Boiardo’s Orlando innamorato (Orlando [or Roland] in love) is an epic poem concerning the same characters we find in the Le Chanson de Roland (The Song of Roland), the 11th or early 12th romance/epic focusing on the Battle of Roncevaux Pass, at which part of Charlemagne’s army, led by Roland, was cut off by a Basque army and wiped out. The Song of Roland is considered the oldest work in French literature. Ariosto’s Orlando furioso (The Frenzy of Orlando) picks up where Boiardo’s work ended; Boiardo said that he stopped writing in 1486 because Italy had been at war.
Critics consider Rodomonte as the third protagonist of the Orlando epics, although early criticism and more recent criticism differ as to whether he is heroic or not. But in English the earliest understanding of Rodomonte is that he was a braggart, and thus we have the word.
Words derived from the names of characters like Rodomonte are not rare in English. Here are a few examples:
Quixotic: an adjective derived from the name of Miguel de Cervantes’s Don Quixote. A quixotic person is someone who is foolish, particularly in pursuit of ideals.
Malapropism: a noun taken from the name of a character, Mrs. Malaprop, in Richard Sheridan’s 18th century play The Rivals. A malapropism is an abuse of the language that occurs when someone tries to use a big word but gets is slightly wrong, a behavior that Mrs. Malaprop was frequently guilty of, to comic effect.
Pooh-bah: a noun taken from the name of a character in Gilbert and Sullivan’s 1885 operetta The Mikado; it now means “a person who holds several positions, especially ones that give bureaucratic importance” or “a pompous, self-important person.”
Pander: a noun taken from the name of a character, Pandarus, in Chaucer’s Troilus and Criseyde; a pander is someone who acts as a kind of pimp, someone who procures a woman for someone else.
Gargantuan: an adjective taken from the name of a character, Gargantua, in Rabelais’s satire of the same name; Gargantua is a giant with a gigantic appetite, and thus the adjective refers to anything that is very large.

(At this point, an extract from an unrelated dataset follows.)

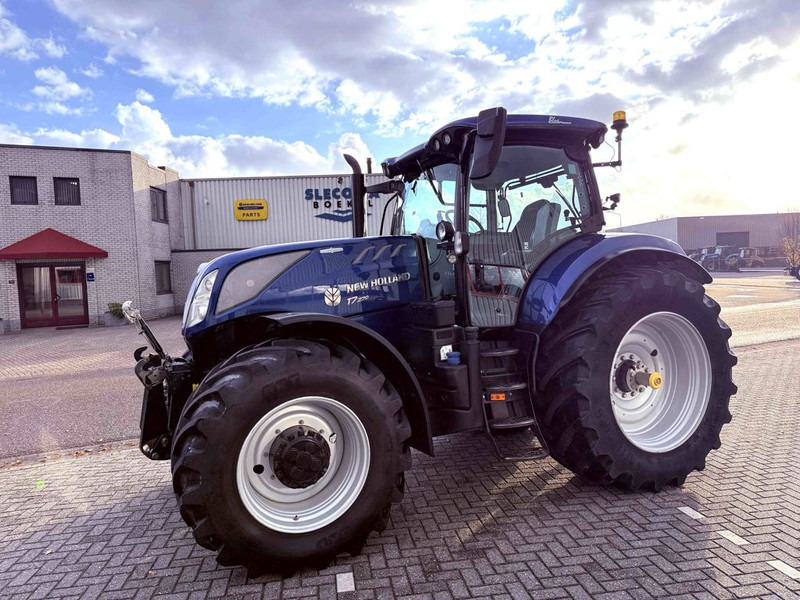 New Holland T7.270 AC Stage V Blue Power - Traktor: das Bild 2 New Holland T7.270 AC Stage V Blue Power - Traktor: das Bild 2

Perhaps the most interesting one of all is a noun that is derived from a sixteenth-century poem by Girolamo Fracastoro, a poet, scholar and physician. Fracastoro came up with the idea of seeds of contagion, a precursor to the germ theory of illness. One of his works concerns a shepherd who catches a sexually transmitted disease; the poem is called Syphilis sive morbus gallicus (“Syphilis or The French Disease”) (https://en.wikipedia.org/wiki/Girolamo_Fracastoro).
I’m actually proud of the fact that I have never had to deal with mercury as a cure, as Fracastoro suggests in the poem, though my pride won’t cause me to engage in a rodomontade.
Today’s image, found on Pinterest of all places, shows Roland (Orlando) throwing Rodomonte off a bridge.